BUSH AND THE FLASHMAN.

BUSH AND THE FLASHMAN. To me, the strangest thing about the president's summer reading list is not its heft, nor its inclusion of heavyweight history and existential literature, but the indication that the President is working his way through the Flashman series, by George MacDonald Fraser. And no, I don't mean it's odd because Sir Harry Flashman is a coward, a liar, a drunk, and a bully; nor is it odd because Flashman is more than willing to let his countrymen die to save his reputation.

It's somewhat surprising because Fraser is a violent opponent of the Iraq War and of the president's foreign policy. Fraser, an octogenarian Scot, a Tory, and a veteran of HM armed forces, could be heard this year on BBC Radio 4 explaining that "[h]e had never in his life felt more ashamed of his country than he had over Iraq.... He could not get out of his head two pictures, one of a small Iraqi boy with his arms blown off by American bombs, and another of our prime minister smirking sycophantically at President Bush's side." Fraser rates Iraq as "The foulest war crime that this country has ever perpetrated."

But as I say, that makes the choice only somewhat surprising; if the president stayed away from all contemporary authors who oppose his Iraq policy, he'd obviously have slim pickings. What makes it most peculiar is that Fraser thinks the Flashman books themselves -- which feature politicians indifferent to the consequences of their policies and reporters so keen for good stories that they somehow confuse the raping, murdering, craven, but undeniably charming Flashman for a hero -- provide a basis for opposing the Iraq War. As he writes in a preface to the most recent volume, Flashman on the March, when the British Empire went off to fight a bloody war against a cut-rate tyrant (in this case, in Abyssinia), it did so without "messianic rhetoric. There were no false excuses, no deceits, no cover-ups or lies...." And even with those virtues, it still made errors that called the whole enterprise into question.

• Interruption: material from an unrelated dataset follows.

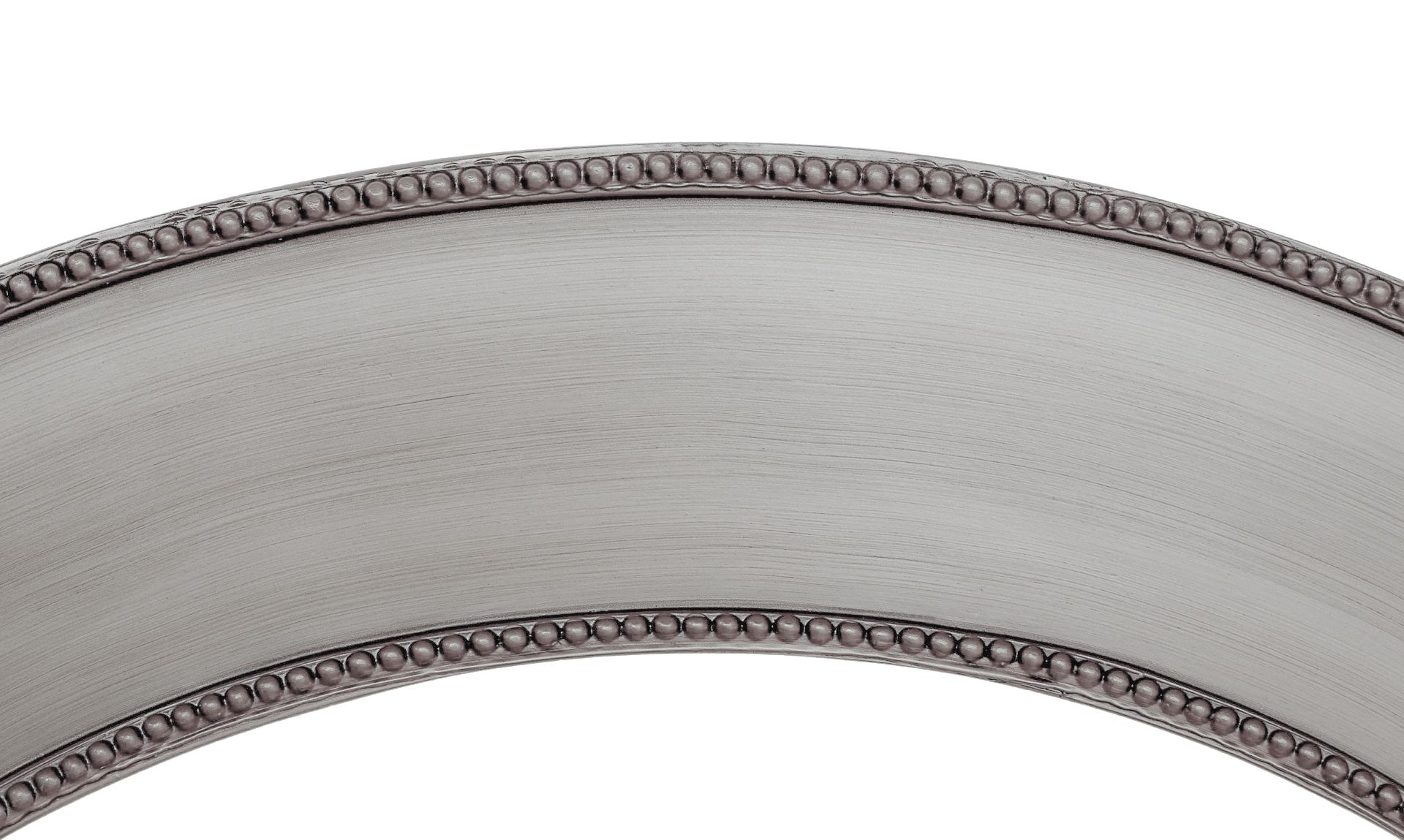 Wandspiegel »Antik« Ø90 cm silber im Landhaus-Stil rund XL Flurspiegel Wandspiegel »Antik« Ø90 cm silber im Landhaus-Stil rund XL Flurspiegel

"There's bound to be an outcry because we're not leaving a garrison to pacify the tribes and police the country," laments one officer about British domestic opinion. "As though Abyssinia were a country to be pacified and ruled with fewer than ten divisions and a great civil power!"... MacDonald allows in a footnote ... that "the brief exchanges among Napier's staff have echoes which continue to be heard today.... Britain's leaving Abyssinia did not become her as well as her manner of entering it."

What will the president think when he hears those echoes? (If, of course, he keeps reading Flashman.) Whatever the bad doings of the British empire's leaders, its soldiers -- in Fraser's versions -- almost always acquit themselves well, except for Flashman, who treats war as the occasion for larking about in uniform and winking at the girls. His only real virtue, which can neither balance out his utter irresponsibility nor fill the vacuum where his moral sense should be, is his brutal candor about his bad deeds and worse character when pressed to tell his own story.